Wilensky and Roth say that they saw multiple requests in a few markets for music databases. They learned that many libraries had their performance students coming in to use musical scores on paper. “It was one of these great moments where it wasn’t something we would have anticipated the need,” Wilensky says. “As we noticed trends in the data we’ve also taken things like musical scores as well as print books and archival journals and video to make sure we can partner up and work with customers to address points of need.”
Trends in Online Education Migration
We ask Wilensky and Roth about trends they’re seeing in the sudden push to make content available online for remote education, especially through library-accessible databases like ProQuest. “There’s been a systemic move toward more electronic resources,” Wilensky says. “Our customers had to leave work on a Friday [because of the coronavirus outbreak] and on on Monday start teaching at home. What that means is to teach a course online is something people are pushing through this semester. We’re hearing customers saying we want to make sure that minimally our freshman core courses are ready to go for summer courses or in the fall depending on how we come back.”

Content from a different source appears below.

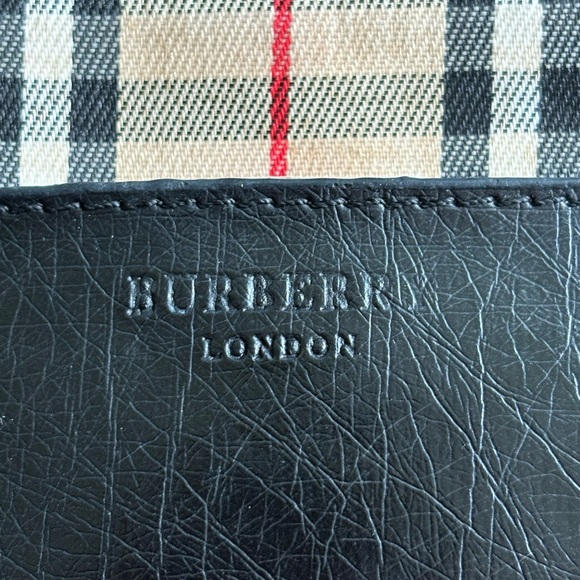 Vintage Burberry wristlet with front pocket. - Picture 3 of 3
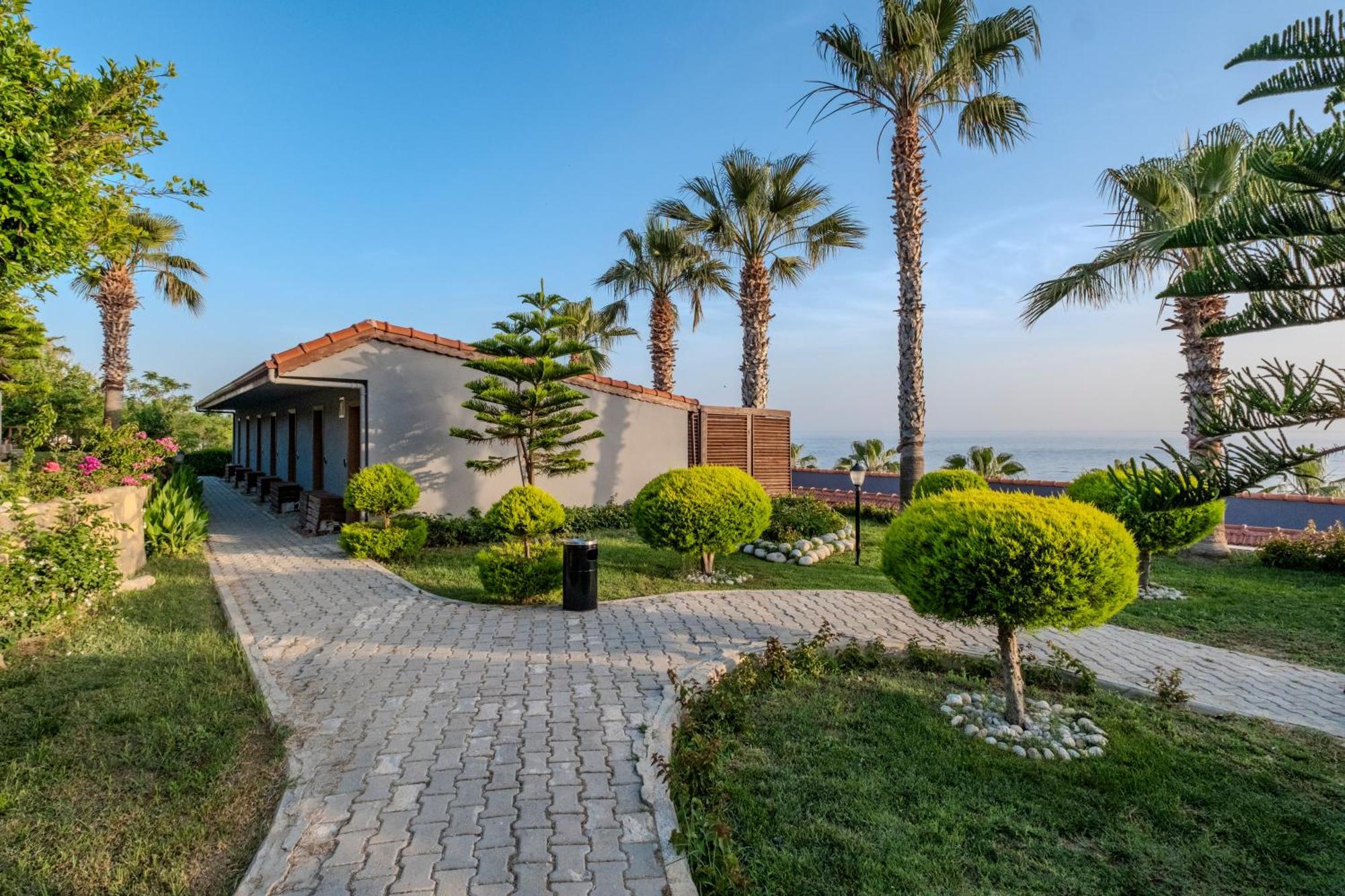 Adora Calma Beach Hotel Adults Only Kızılot Buitenkant foto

Roth reminds us that ProQuest was founded in WWII, “which is another time of great turmoil in history. Our founder was a man named Eugene Power. He… started microfilm technology. We’re carrying on his legacy,” she says, to make learning resources more accessible, even in times of crisis.
“We’re highlighting the value of the library in the community,” Wilensky agrees, where now more than ever people rely on local libraries and university libraries to reach remote learning materials.
“We’re trying to use the latest technology to help deliver key information to libraries and users all over the world,” Wilensky explains. “where we are today is trying to help with this transformation we’re under so that content tools and services are available to libraries and users so they can get it to people to get their job done…. Having this kind of archive and wealth of content that we can help share in a digital format is great to be able to help millions of people.”
Online ProQuest Remote Education & Research Resources
- Coronavirus Research Database: Full-text articles, dissertations and other content from key publishers. Covers COVID-19 and other past outbreaks like MERS and SARS for context
- E-Now: A comprehensive set of programs that enable institutions to convert their physical collections (including books, historical periodicals and music scores) online quickly and affordably
- Research Companion: All schools, colleges and universities can temporarily access key components in Research Companion, a multimedia resource that helps students develop information literacy and critical-thinking skills
- Academic Video Online: Libraries can use streaming content in Academic Video Online to help bridge gaps created by rapid shifts to online-only environments
ProQuest is based in Ann Arbor, but has employees in 32 countries and customers in 150 countries.